Is Pluto a Planet?
Written by Vedika Pathania.
Is Pluto really a planet? Well, sort of. Pluto is actually a Dwarf Planet…
Written by Vedika Pathania (written in May 2020)
The Solar System is fascinating. Anything that is related to the infinite cosmos has always piqued our interest and most of us grew up learning that there were 9 planets in our Solar System and 9 planets that orbited around the Sun. The outermost one was Pluto which quickly became everyone’s favourite. But in 2006, Pluto was stripped of its status as a planet by the International Astronomical Union.
So the question arises, is Pluto really a planet? Well, sort of. Pluto is actually a Dwarf Planet.
Named after the God of the Underworld in classic mythology, Pluto was discovered by Clyde Tombaugh in 1930 and declared the 9th planet. At a distance of 5.9 billion kilometers from the sun, a diameter that’s just 70% that of our own Moon, Pluto has been the subject of many controversies as well as adoration. It also has a heart-shaped icy lake that makes it all the more loveable.

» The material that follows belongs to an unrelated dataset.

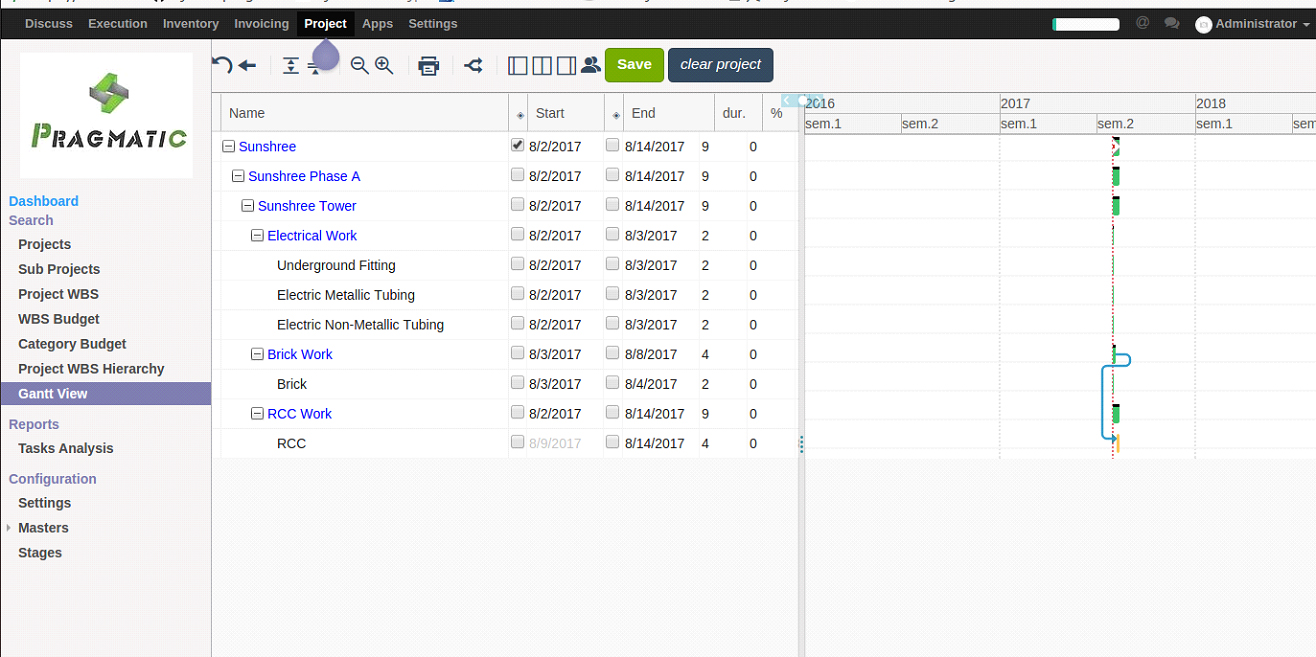 pragmatic project plannng and gantt chart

What exactly is a dwarf planet, you may wonder.
The basic difference that sets dwarf planets aside from normal planets like Earth, Mars, Jupiter, Saturn, and other planets is that Dwarf Planets haven’t “Cleared the neighborhood around their orbits”.
What does this mean?
It basically means that there are other similar-sized celestial bodies as that particular planet (in this case, Pluto) in its orbit.
So, Dwarf Planets like Pluto don’t have enough gravitational dominance and share their orbit with a lot of other similar-sized objects. Pluto, for example, orbits in a zone outside Neptune’s orbit called the Kuiper Belt which is a distant region and has frozen bodies that are the debris from the origin of the Solar System. These are the bodies that also exist in Pluto’s orbit and are in Pluto’s “neighborhood”.
In January 2006, the National Aeronautics and Space Administration (NASA) launched the New Horizons spacecraft that conducted a 6 month-long flyby study of Pluto and its moons. New Horizons also found that Pluto has blue skies and water ice.
Even though Pluto is not a planet, the heart-spotted, icy mini-planet continues to be a favourite. For all you Pluto lovers, know that Pluto is not alone, it has the company of two other dwarf planets, Ceres and Eris, and is surrounded by celestial bodies as old as time.